Scientific classification
- Kingdom: Animalia
- Phylum: Chordata
- Class: Aves
- Order: Passeriformes
- Family: Parulidae
- Genus: Oreothlypis
- Species: O. superciliosa
- Binomial name: Oreothlypis superciliosa (Hartlaub, 1844)
- Synonyms: Parula superciliosa Vermivora superciliosa

= Crescent-chested warbler =

- Genus: Oreothlypis
- Species: superciliosa
- Authority: (Hartlaub, 1844)
- Conservation status: LC
- Synonyms: Parula superciliosa , Vermivora superciliosa

The crescent-chested warbler (Oreothlypis superciliosa) is a small New World warbler. It is common throughout its montane range, from northern Mexico to northern Nicaragua, and is an occasional vagrant to Arizona and Texas.
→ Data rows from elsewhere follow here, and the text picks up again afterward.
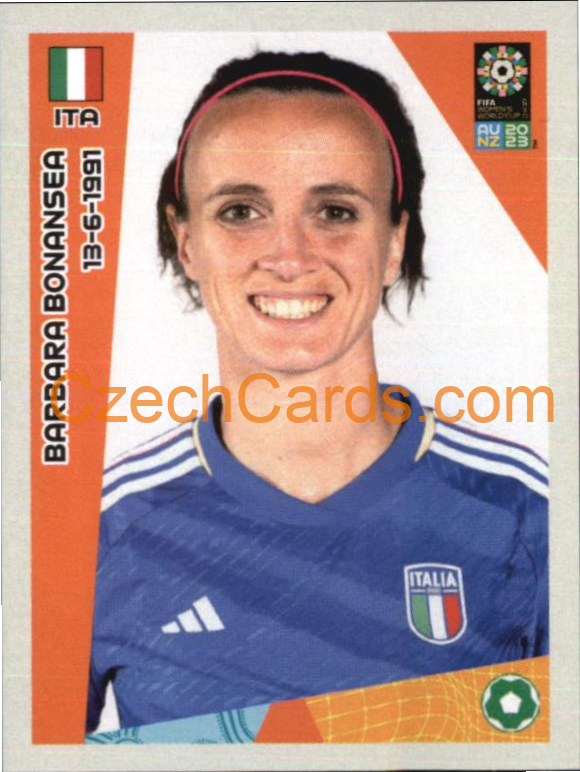 Barbara Bonansea Panini 2023 FIFA Women's World Cup Sticker #493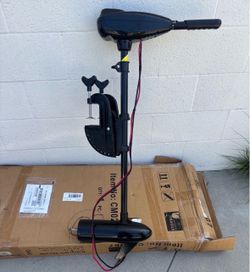 86 Ibs Thrust 8 Speed 24V, Electric Outboard Trolling Motor with Adjustable Handle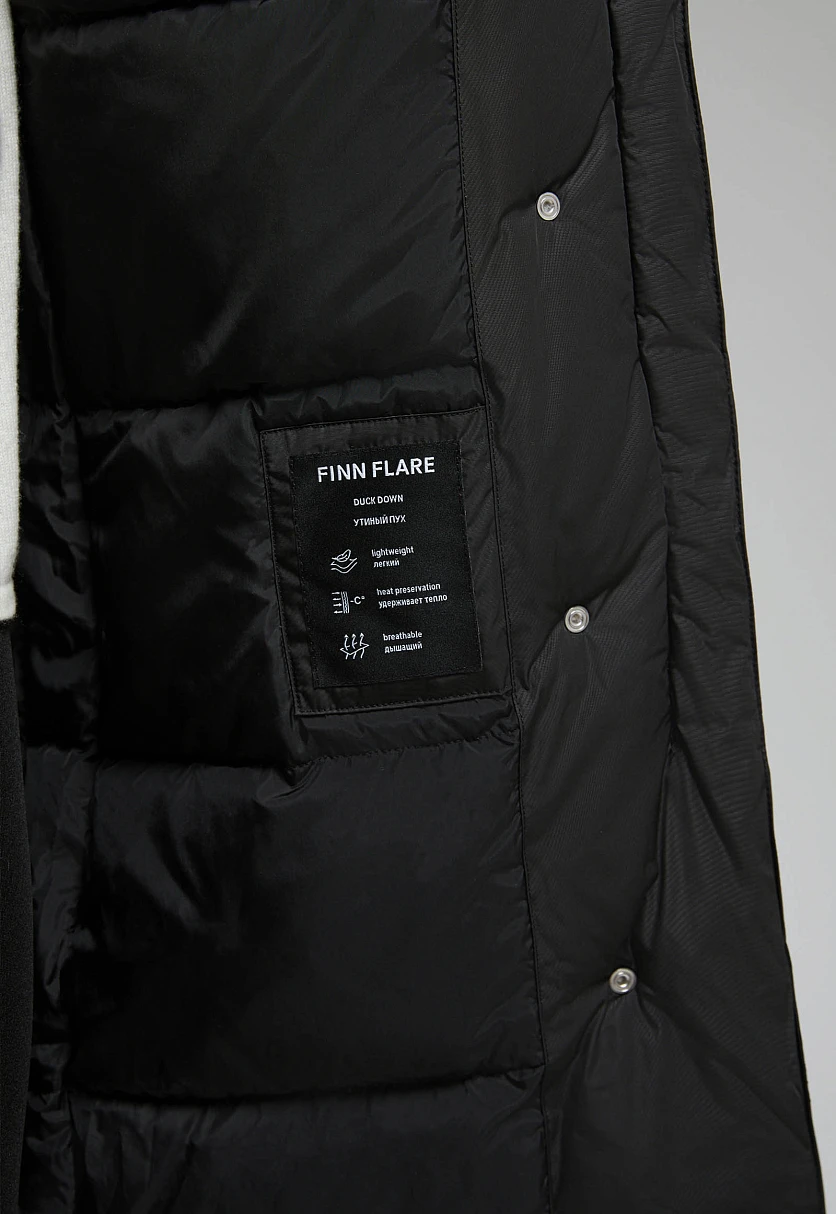 Пуховое пальто с переливающимся эффектом, Модель FWE11071, Фото №7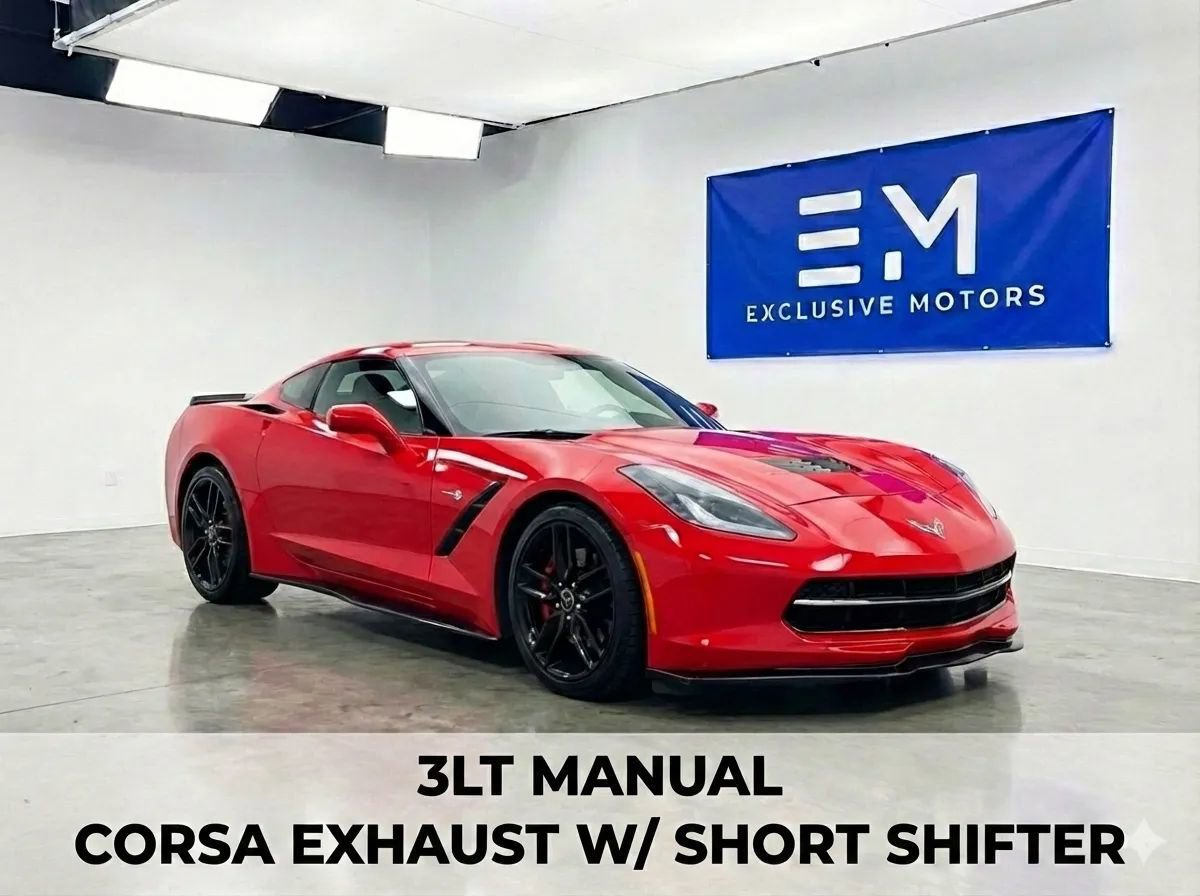 Used 2014 Chevrolet Corvette Stingray Coupe w/ 3LT Preferred Equipment Group image 1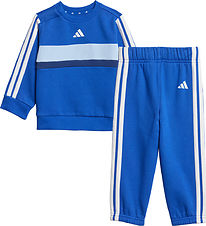 adidas Performance Sweatset - I 3S TIB FL - ROYBLU/White/DKBLUE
It shows an affinity for oaks.

== Description ==
The crescent-chested warbler is superficially similar to both the northern parula and the tropical parula, with yellow underparts, a gray head, and a greenish back, but neither of these has a bold white eyebrow. Adult males have a discrete chestnut crescent on the breast, which is less prominent and sometimes lacking in females and young birds.

==Taxonomy==
The species was formerly placed in the genus Parula, or Vermivora, but transferred to Oreothlypis following genetic analysis of the family Parulidae.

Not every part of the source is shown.